::: Extracted information
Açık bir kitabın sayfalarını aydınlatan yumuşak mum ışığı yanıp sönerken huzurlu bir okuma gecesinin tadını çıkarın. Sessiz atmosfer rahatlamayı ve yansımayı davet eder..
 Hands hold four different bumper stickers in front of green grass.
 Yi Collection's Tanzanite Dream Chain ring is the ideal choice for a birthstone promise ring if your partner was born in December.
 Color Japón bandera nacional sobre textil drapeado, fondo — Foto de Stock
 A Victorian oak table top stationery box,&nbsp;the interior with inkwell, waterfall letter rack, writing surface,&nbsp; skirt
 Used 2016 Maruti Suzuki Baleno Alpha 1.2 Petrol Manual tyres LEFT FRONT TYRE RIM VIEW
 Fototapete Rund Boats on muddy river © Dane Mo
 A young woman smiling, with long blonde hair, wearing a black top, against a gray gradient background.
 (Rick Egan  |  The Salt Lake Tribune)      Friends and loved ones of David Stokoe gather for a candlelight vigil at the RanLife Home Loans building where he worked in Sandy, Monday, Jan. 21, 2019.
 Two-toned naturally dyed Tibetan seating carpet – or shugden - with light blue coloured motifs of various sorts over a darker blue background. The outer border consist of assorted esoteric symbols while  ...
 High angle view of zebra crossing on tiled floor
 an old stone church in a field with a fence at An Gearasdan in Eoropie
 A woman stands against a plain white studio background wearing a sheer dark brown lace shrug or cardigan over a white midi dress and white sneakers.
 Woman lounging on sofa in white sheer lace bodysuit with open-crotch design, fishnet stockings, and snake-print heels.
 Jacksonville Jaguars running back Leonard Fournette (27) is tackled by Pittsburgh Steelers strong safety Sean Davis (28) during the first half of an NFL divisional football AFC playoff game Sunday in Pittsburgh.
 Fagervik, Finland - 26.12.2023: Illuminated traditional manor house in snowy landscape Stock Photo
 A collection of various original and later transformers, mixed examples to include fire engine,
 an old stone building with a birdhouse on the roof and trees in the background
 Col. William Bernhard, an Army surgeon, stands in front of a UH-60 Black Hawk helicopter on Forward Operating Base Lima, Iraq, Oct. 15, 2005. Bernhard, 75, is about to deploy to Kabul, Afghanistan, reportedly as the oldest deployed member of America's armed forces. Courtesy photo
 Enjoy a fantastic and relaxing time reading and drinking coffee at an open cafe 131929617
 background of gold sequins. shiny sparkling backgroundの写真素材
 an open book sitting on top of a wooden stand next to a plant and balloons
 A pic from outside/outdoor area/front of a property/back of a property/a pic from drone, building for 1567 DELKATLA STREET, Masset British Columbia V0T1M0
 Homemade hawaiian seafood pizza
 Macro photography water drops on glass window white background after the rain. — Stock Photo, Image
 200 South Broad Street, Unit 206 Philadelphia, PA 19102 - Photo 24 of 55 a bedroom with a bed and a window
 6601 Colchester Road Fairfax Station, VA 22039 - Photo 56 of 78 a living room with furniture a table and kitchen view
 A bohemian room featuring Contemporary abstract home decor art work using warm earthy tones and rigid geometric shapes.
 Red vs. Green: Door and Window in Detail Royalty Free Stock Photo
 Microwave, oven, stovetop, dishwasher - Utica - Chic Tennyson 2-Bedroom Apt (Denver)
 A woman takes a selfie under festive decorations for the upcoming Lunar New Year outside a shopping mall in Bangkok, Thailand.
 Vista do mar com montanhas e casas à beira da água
::::::
Task: Nothing but a number is asked for: how many lines of the records contain the word "outside"?

Exercise output: 2